[Opening Available data section]
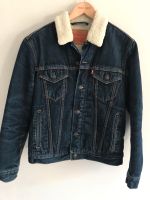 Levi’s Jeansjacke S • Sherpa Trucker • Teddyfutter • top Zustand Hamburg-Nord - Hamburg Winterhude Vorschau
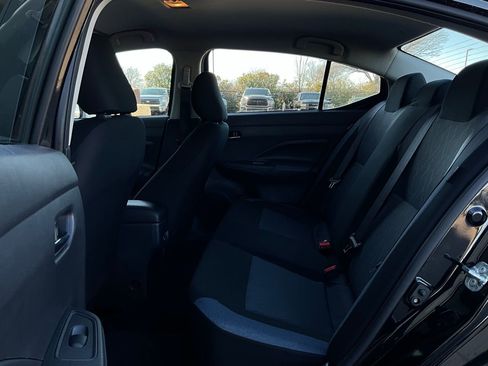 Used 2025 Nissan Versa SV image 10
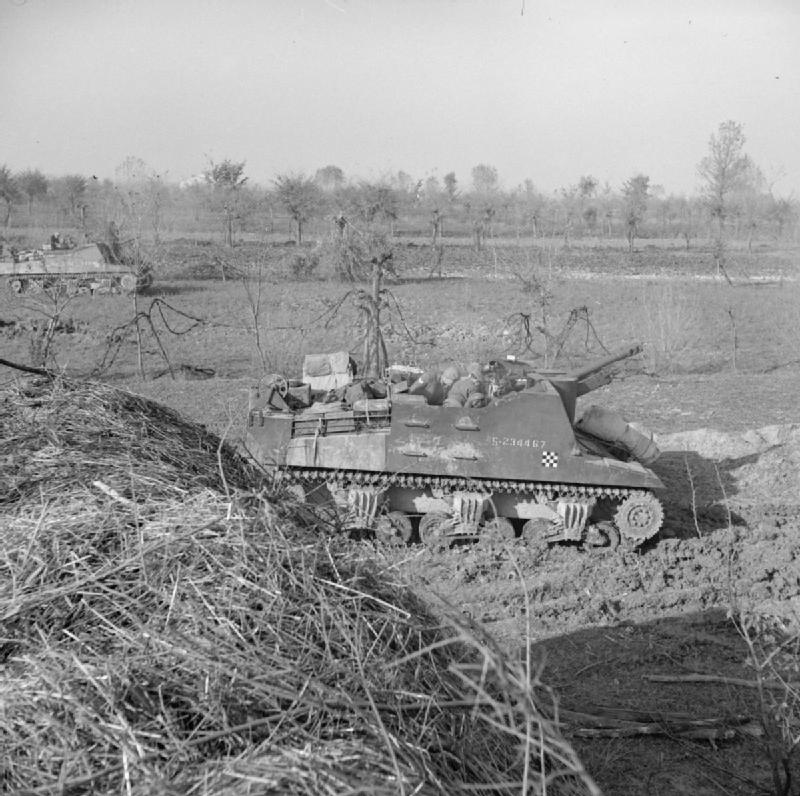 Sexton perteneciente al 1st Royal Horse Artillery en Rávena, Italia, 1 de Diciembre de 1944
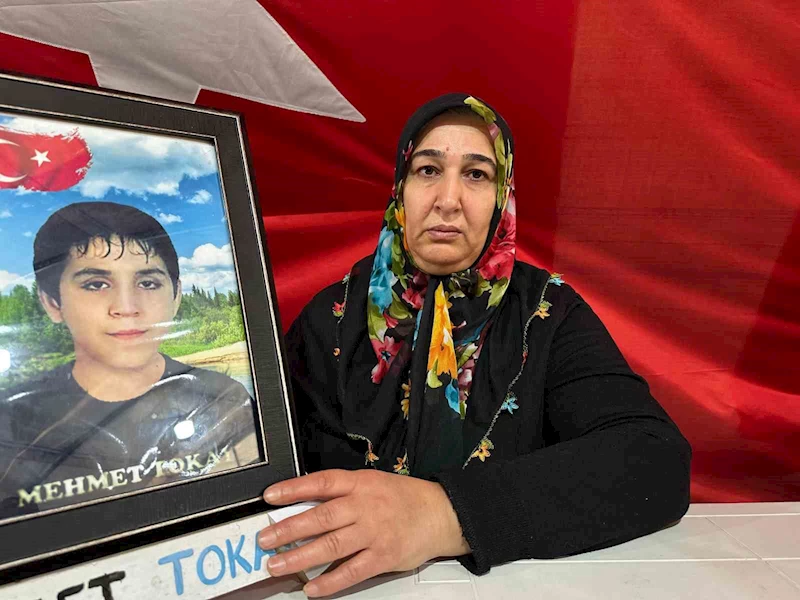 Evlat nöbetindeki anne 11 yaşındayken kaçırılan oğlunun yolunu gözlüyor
[Closing Available data section]
[Opening Available data section]
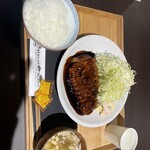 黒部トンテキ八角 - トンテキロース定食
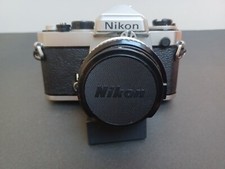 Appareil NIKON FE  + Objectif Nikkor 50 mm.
[Closing Available data section]
Task goal
Transcribe, word for word, the stretch of lines in the data above from the one with "Levi’s Jeansjacke S" through the one with "Evlat nöbetindeki anne"; omit all pictures.

Written answer
 Levi’s Jeansjacke S • Sherpa Trucker • Teddyfutter • top Zustand Hamburg-Nord - Hamburg Winterhude Vorschau
 Used 2025 Nissan Versa SV image 10
 Sexton perteneciente al 1st Royal Horse Artillery en Rávena, Italia, 1 de Diciembre de 1944
 Evlat nöbetindeki anne 11 yaşındayken kaçırılan oğlunun yolunu gözlüyor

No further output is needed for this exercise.